Bank of Canada to Cut as Tariffs Strike Economy
The Bank of Canada is expected to lower interest rates for the seventh time on Wednesday as the country braces for a trade war that, if not resolved quickly, will drive the economy into a recession.
Economists and markets predict policymakers, led by Governor Tiff Macklem, to lower the policy interest rate to 2.75%, the lowest level since September 2022.
The uncertainty created by US President Donald Trump’s tariffs will force the central bank to continue reducing to mitigate economic harm. Without the trade war, a stronger-than-expected recovery in the Canadian economy and hints of higher core inflation may have justified a pause in the easing cycle.
“Based on recent data alone, I wouldn’t have thought they’d be cutting at this meeting,” said Veronica Clark, an economist at Citigroup, via email. “But that data feels pretty stale now and won’t reflect current conditions of tariffs.”
Last week, Trump placed 25% tariffs on most Canadian and Mexican imports but then promised a one-month wait for those who adhere to the North American trade pact. He then threatened significant additional levies on Canadian timber and dairy. The United States also imposed 25% import levies on steel and aluminum, affecting two major Canadian export industries; the president temporarily threatened to raise those duties to 50%.
Canada has retaliated, putting levies on C$30 billion ($20.8 billion) in US goods and pledging to expand tariffs to C$155 billion worth of products on April 2 unless the White House backs down or the sides can negotiate a way out.
The central bank’s task amid the rapidly changing trade dynamic is to keep communicating that it can adjust interest rates to lessen the economic hit.
Still, Macklem is likely to reiterate there’s a limit to how much monetary policy can do to fix the problem. The tariff battle will come with an inflation shock, constraining the bank’s response compared with the COVID-19 pandemic, when the policy rate fell to 0.25%.
Economists believe that Trump’s tariffs on Canada and retaliation will cut 2 to 4 percentage points off the country’s GDP growth.
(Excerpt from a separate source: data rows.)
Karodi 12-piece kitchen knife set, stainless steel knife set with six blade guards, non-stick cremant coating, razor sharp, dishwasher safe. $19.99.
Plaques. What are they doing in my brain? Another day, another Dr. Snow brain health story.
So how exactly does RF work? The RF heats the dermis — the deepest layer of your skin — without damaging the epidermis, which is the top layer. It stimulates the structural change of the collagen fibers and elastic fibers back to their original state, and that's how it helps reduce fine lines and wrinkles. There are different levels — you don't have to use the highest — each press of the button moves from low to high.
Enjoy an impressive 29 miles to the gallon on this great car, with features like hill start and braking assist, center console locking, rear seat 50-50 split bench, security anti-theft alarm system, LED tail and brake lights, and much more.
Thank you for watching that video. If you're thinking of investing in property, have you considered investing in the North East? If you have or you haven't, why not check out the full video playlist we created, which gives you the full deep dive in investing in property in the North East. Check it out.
The central bank anticipates comparable economic suffering. In a speech last month, Macklem stated that a prolonged trade war would kill growth and reduce Canada’s production by about 3% over two years. Still, the bank projected that the forces driving prices up would exceed downward pressures on prices, leading inflation to rise.
And, while the central bank has downplayed the recent increase in underlying price pressures, core inflation averaged 2.7% in January and has remained at that level for months, adding to concerns.
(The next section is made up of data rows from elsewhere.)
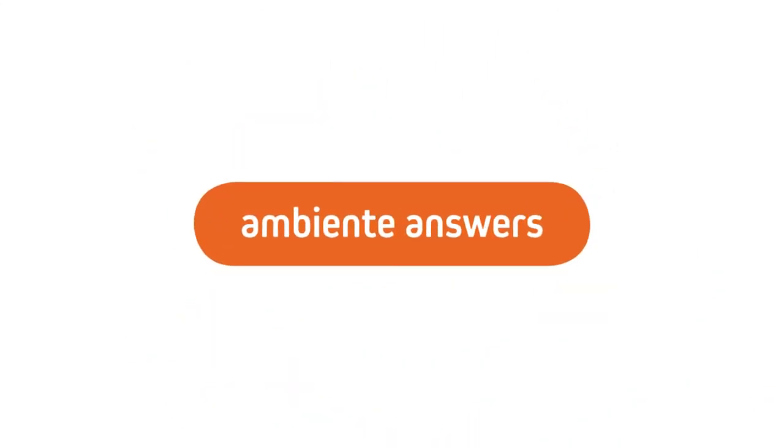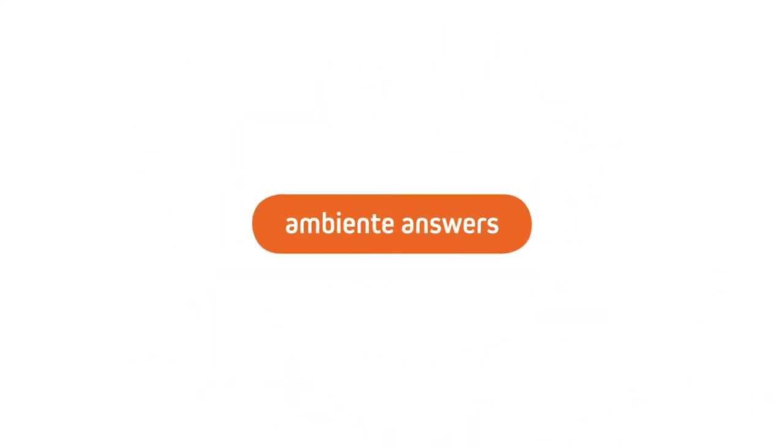Hi guys, I'm Liam, one of the account managers here at Ambient Underfloor Heating. One of the questions that always pops up with underfloor heating is: can it be combined with every floor finish? In short, the answer is yes.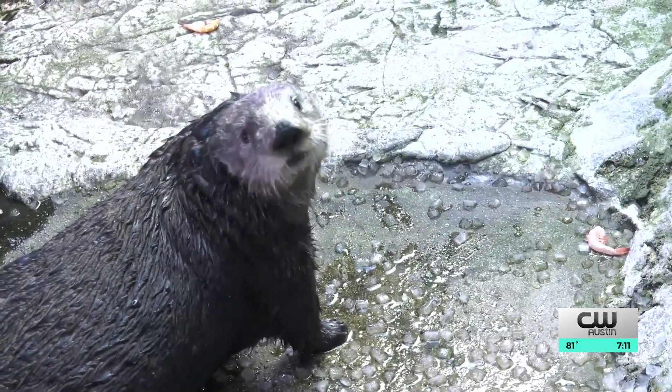Eric Hendrickson, KXAN News. Researchers say there are 13 species of otters around the world, some of which live right here in Texas.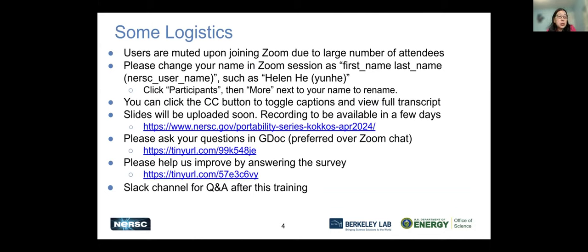We'll upload slides soon after the presentations, and the recording will be available in a few days after some post-processing. I've posted in the chat a Google Doc for Q&A — it's better than Zoom chat because the Google Doc can be saved after the event. We will have a survey for you, so please help us answer the questions to improve the trainings. There's also a Slack channel where after the training you can continue to ask questions.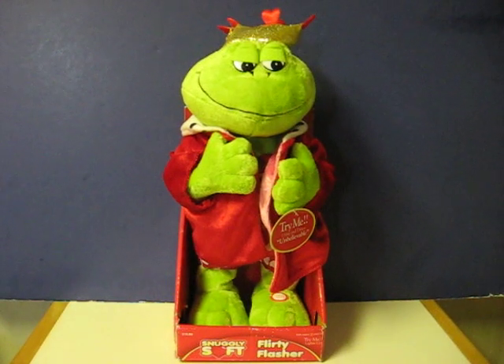This is a flirty flasher animatronic frog from Jemmy Industries. He's going up for sale and this is just a quick demonstration video to show how he works. This is the snuggly soft version which apparently was a Rite Aid exclusive.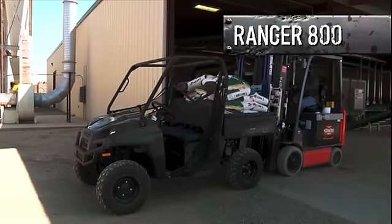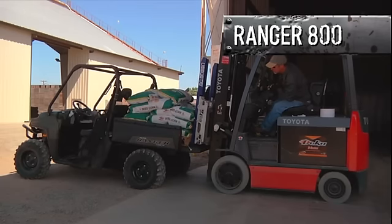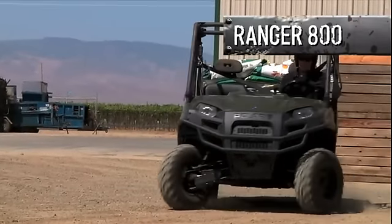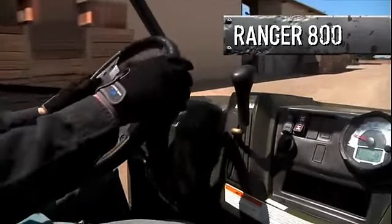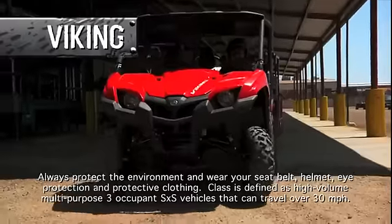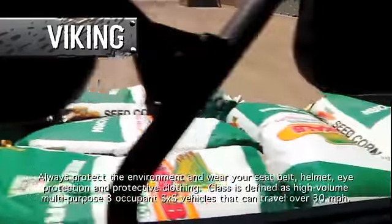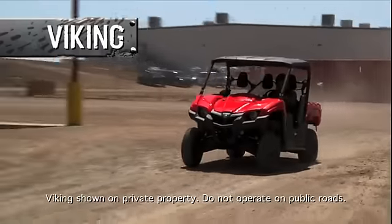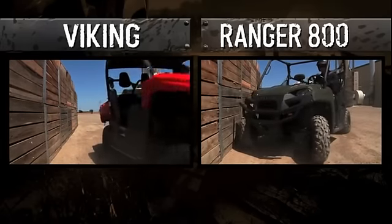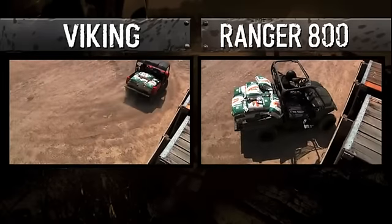Polaris loves talking about the Ranger's 1,000-pound payload, but what they don't tell you is that 1,000-pound payload comes with a hefty compromise in performance — the vehicle may push when you try to steer it fully loaded, you can't go more than 10 miles per hour (5 if you're going up a grade), and you have to be in low range. The Viking, on the other hand, is rated to carry 600 pounds in the real world — more than you're likely to ever need. And unlike the Ranger, when the Viking is filled to its maximum capacity, it still handles with better ease and comfort. That's a number you can depend on.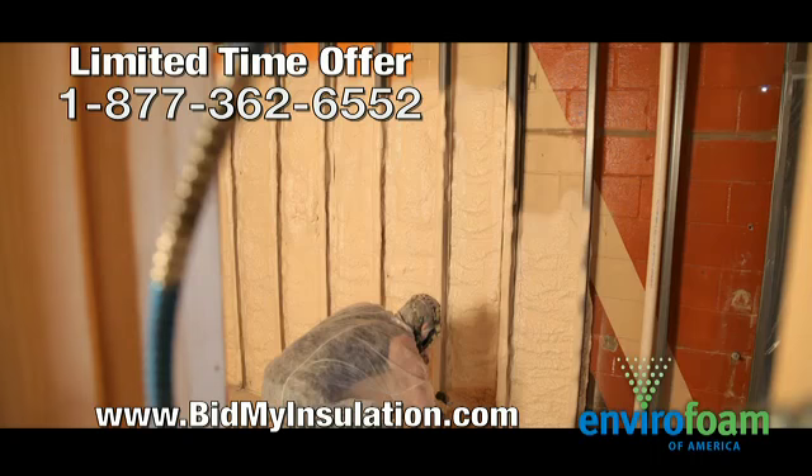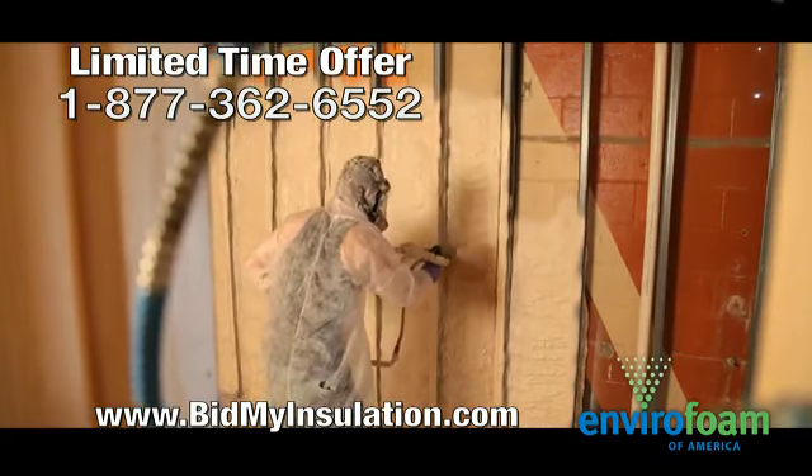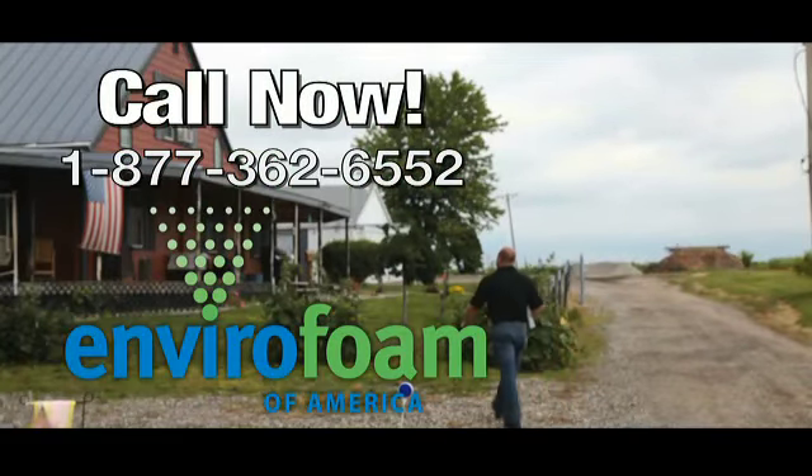We offer both cellulose or environmentally friendly spray foam for new or existing homes. Save money on energy bills. Call Envirofoam of America today at 877-362-6552 or visit BidMyInsulation.com.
The trade uncertainty contrasts sharply with Canada’s strong domestic indicators. At the end of last year, economic growth surged to a 2.6% annualized pace, boosted by household spending and housing increases, both interest-sensitive sectors that have benefited from the rate reduction.
Relief of Pain:
In January, Macklem stated that monetary policy cannot heal the harm created by a trade war. Instead, he saw the central bank’s function as reducing the impact of the economic shock and smoothing the adjustment process.
“The bank’s role is to look beyond the next month or two. It can’t rebuild a closed plant with a few rate cuts. Still, it can boost domestic demand to compensate,” noted Avery Shenfeld, chief economist of Canada Imperial Bank of Commerce, in a report to investors.
Policymakers began lowering borrowing costs from 5% in June when the bank saw adequate evidence that inflation had been controlled, which had fallen to the 2% objective in the third quarter of 2024.
Though the central bank did not provide any particular rate advice at its January meeting, a record of deliberations revealed that policymakers chose to lighten in part due to the growing uncertainty created by Trump’s tariff threats.
The entire scope of Canada’s retaliatory tariffs has yet to be applied, and the loonie, while weak, has not dropped as much against the dollar as it could if the trade war continues. These variables might hamper the central bank’s reaction.
A quarter-percentage-point decrease this week would place borrowing costs in the center of the so-called neutral band, which is a notional level of interest rates that does not hinder or boost the economy. Markets and experts believe the central bank will slash rates to as low as 2% this year.